Many forecasts point to 2029–2030 as the moment Russia could threaten a NATO member directly. The authors are wary of these timelines, as knowing when Russia might have the forces in place says little about when a decision to use them would come. The question they put forward concerns the point at which Moscow sees the surrounding conditions as favorable enough to move.
That distinction matters because Russia can claim success without winning a conventional fight. What Moscow requires is an outcome it can frame as a win, and territory in Ukraine or a NATO state is not the only thing that would qualify. Weakening the Alliance by revealing its divisions and lack of readiness would answer the same purpose.
Russia still cannot push past many Ukrainian villages, yet it can strain transatlantic ties and shape how European governments and voters think about defence. The airspace intrusions over Poland and Romania made the point: the reaction was slow and uncertain, and that visible weakness may tempt Moscow to act sooner than experts assume.
Beneath all this lies a challenge to a habit of mind — the assumption that Europe is currently at peace. In the article, Stanislav Boiko and Olena Davlikanova draw on two of the Center’s resources to counter it: the Everywhere War Tracker and the Denied War analytical report, which show that, consistent with Russia’s own doctrine, hybrid pressure is not a substitute for war but a preparatory stage of it.
Russia frames the confrontation as civilisational and existential, and its aim reaches past reclaiming Soviet-era influence toward corroding democratic societies and unravelling the European project. The Tracker‘s record of cyber operations, sabotage, airspace violations and infrastructure disruption reads as scattered incidents one at a time, but together shows both a rising count and a change in kind.
As they put it directly:
“Russia may not be preparing for war against Europe. It may already be conducting one.”
On the shape of an attack, Stanislav Boiko and Olena Davlikanova warn against expecting a twentieth-century conventional campaign. What they anticipate is a blend of Russia’s inherited doctrine with the new-generation capabilities forged in Ukraine, unfolding as a sequenced campaign designed to blind, immobilise and drain the defender before major ground combat.
It would run through four phases:
- Crossing the threshold — coordinated cyber and physical sabotage against critical infrastructure, paired with information operations to make the whole system feel like it is collapsing at once.
- The air offensive — an almost simultaneous multi-domain campaign against operational depth, drawing on missile stocks and masses of cheap drones to knock out NATO airpower on the ground.
- The kill zone — if Western forces answer back, a deep, densely defended engagement area saturated with electronic warfare and unmanned systems.
- Territorial anchoring — ground troops moving last, in small tactical groups under constant drone cover rather than armoured columns.

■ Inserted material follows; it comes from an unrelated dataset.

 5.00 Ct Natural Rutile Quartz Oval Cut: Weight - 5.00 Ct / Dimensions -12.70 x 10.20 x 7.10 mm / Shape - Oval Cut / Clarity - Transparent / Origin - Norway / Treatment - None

By forcing a long, bloody, close-quarters war on NATO soil, Russia would press on Europe’s intolerance for heavy casualties, aiming to humiliate the Alliance rather than seize large areas.
The report also weighs where an attack might come, from most to least likely (e.g. the Baltic states from land reinforcement; Gotland, Saaremaa, Hiiumaa or the Arctic).

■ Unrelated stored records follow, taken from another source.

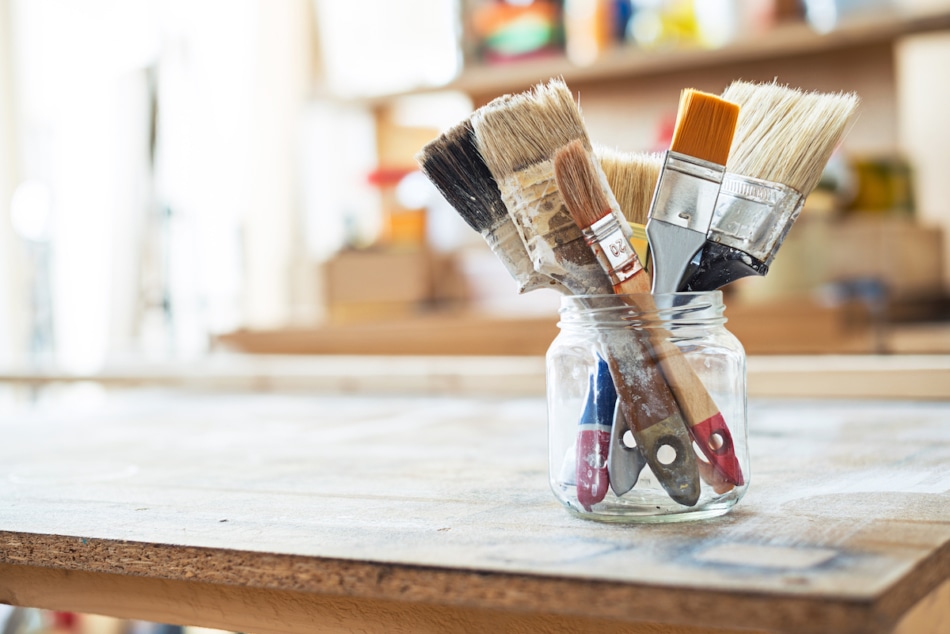 Paint brushes on the table in a workshop.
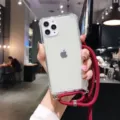 Clear anti-drop phone case with red crossbody lanyard, four corner protection design for smartphone. - Splash Red / iPhone14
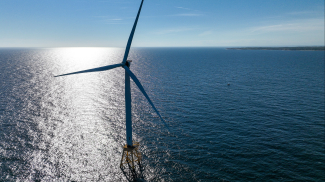 Photo of a wind turbines generate electricity at the Block Island Wind Farm on July 07, 2022 near Block Island, Rhode Island.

The analysis also makes the case that NATO’s aggregate strength conceals a Europe that may in fact be more exposed than Ukraine because:
- Rearmament still runs on peacetime timelines while Russian industry works on a war footing.
- The gap is less about stockpiles than about new technology and the trained personnel to use it, which barely exist across much of Europe.
- Threat perception is uneven between the northern and eastern flanks and the rest of the continent; and the United States, tied down with Iran and wary of China, remains a question mark.
Above all, Stanislav Boiko and Olena Davlikanova return to perception, on which deterrence rests as much as on hardware:
“Moscow does not require certainty of success. It only requires sufficient doubt regarding Western unity and response.”
The takeaway for policy is that the readier Europe looks, the less likely an attack becomes — and that Europe should prepare “for a strategic environment in which the distinction between peace and war has already become increasingly difficult to identify.”